Keeping Secrets Secret
To solve the leaky secrets problem, companies should consider automated solutions that can help with data discovery and classification, environment governance, and DLP to prevent exfiltration of sensitive data. Good data security starts with knowing what data your company has in its environment and encrypting the most sensitive information while blocking malicious traffic. Ideally, your company will use data loss prevention (DLP) tactics as well.
DLP prevents your data from being accidentally or intentionally leaked outside of your security environment. Whether you need to improve your BYOD security policy, determine whether you’re compliant with local privacy regulations, or improve your data visibility, DLP tools can help. Monitoring user access to your data can also help, both by limiting the number of people permitted to access that data and by improving your odds of fast breach detection. Unusual activity is detected by automated monitoring tools, and you will receive an alert in real time.

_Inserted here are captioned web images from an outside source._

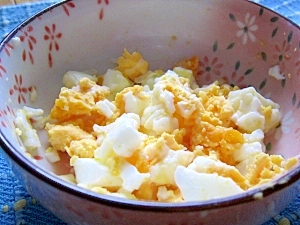 レンジで1分!節約時短簡単すぎるゆでたまご☆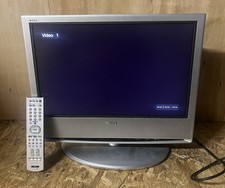 Monitor para jogos retrô Sony Wega 19’’ LCD colorido TV KLV-S19A10 6 entradas, usado comprar usado  Enviando para Brazil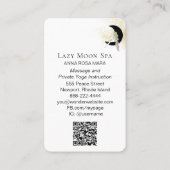 *～*月天の女神QR 名刺 (裏面)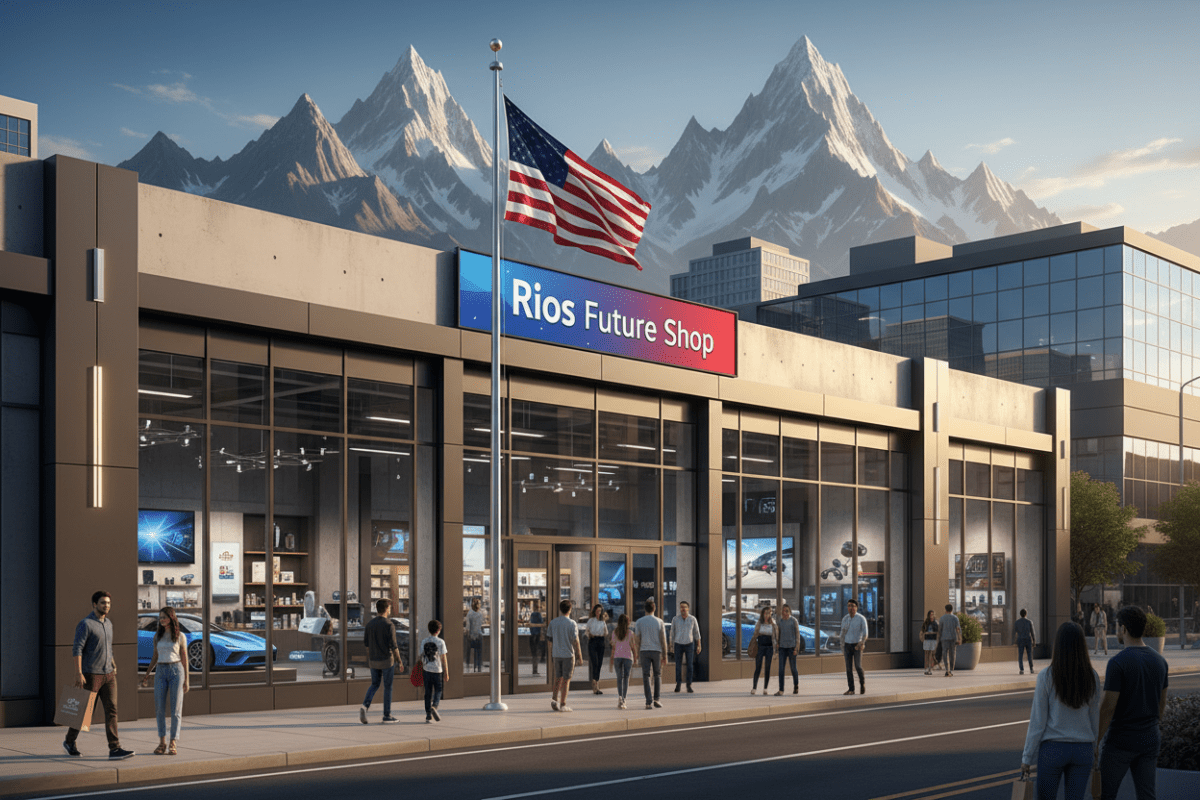 US Market - Rios Future Shop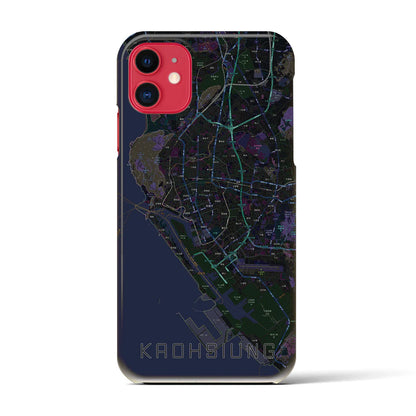 【高雄（台湾）】地図柄iPhoneケース（バックカバータイプ）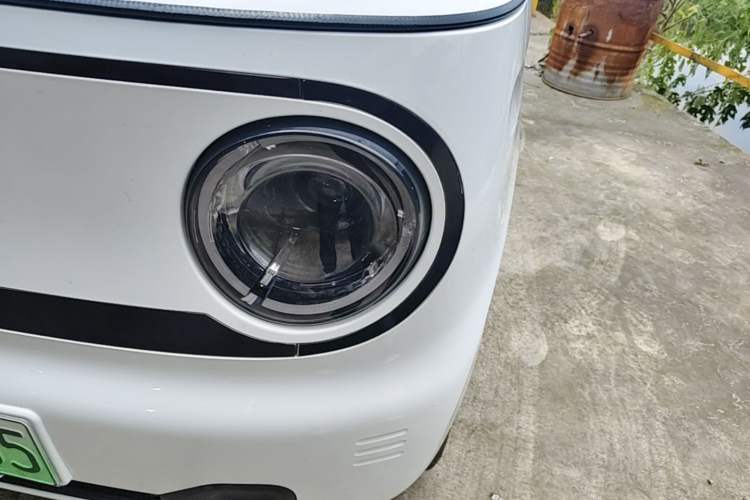Used Geely Galaxy Panda 2024 200km Panda Kart Left Front Headlight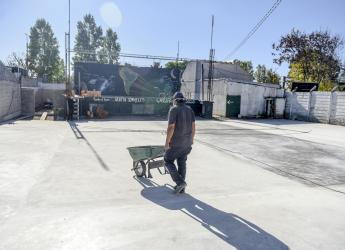 Avance de obras en Teatro de Punta de Rieles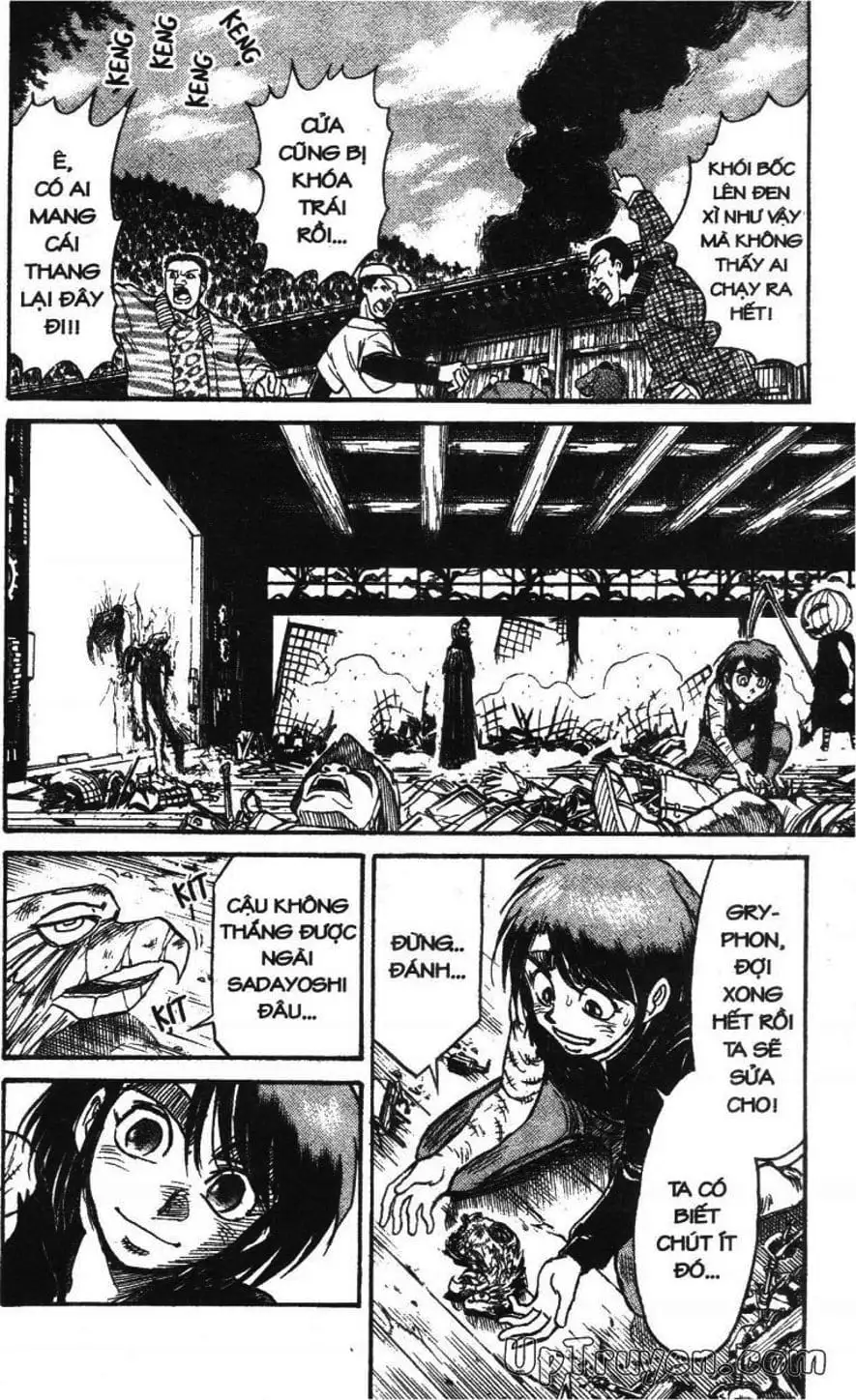 Truyện Tranh Gánh Xiếc Quái Dị - Karakuri Circus trang 5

Without proper security governance, your secrets will continue to leak. Even if you have no malicious insiders, a careless or poorly trained employee could easily enable unauthorized access to your security environment. To stop the leaks, it’s important to use DLP and automated monitoring that can keep eyes on your files, appropriately categorize sensitive data, and flag or block unusual and unauthorized activity. While this may seem like a lot of effort for a problem that hasn’t materialized, remember that anything you can do to prevent a data breach will save you much more money and time than any recovery strategy.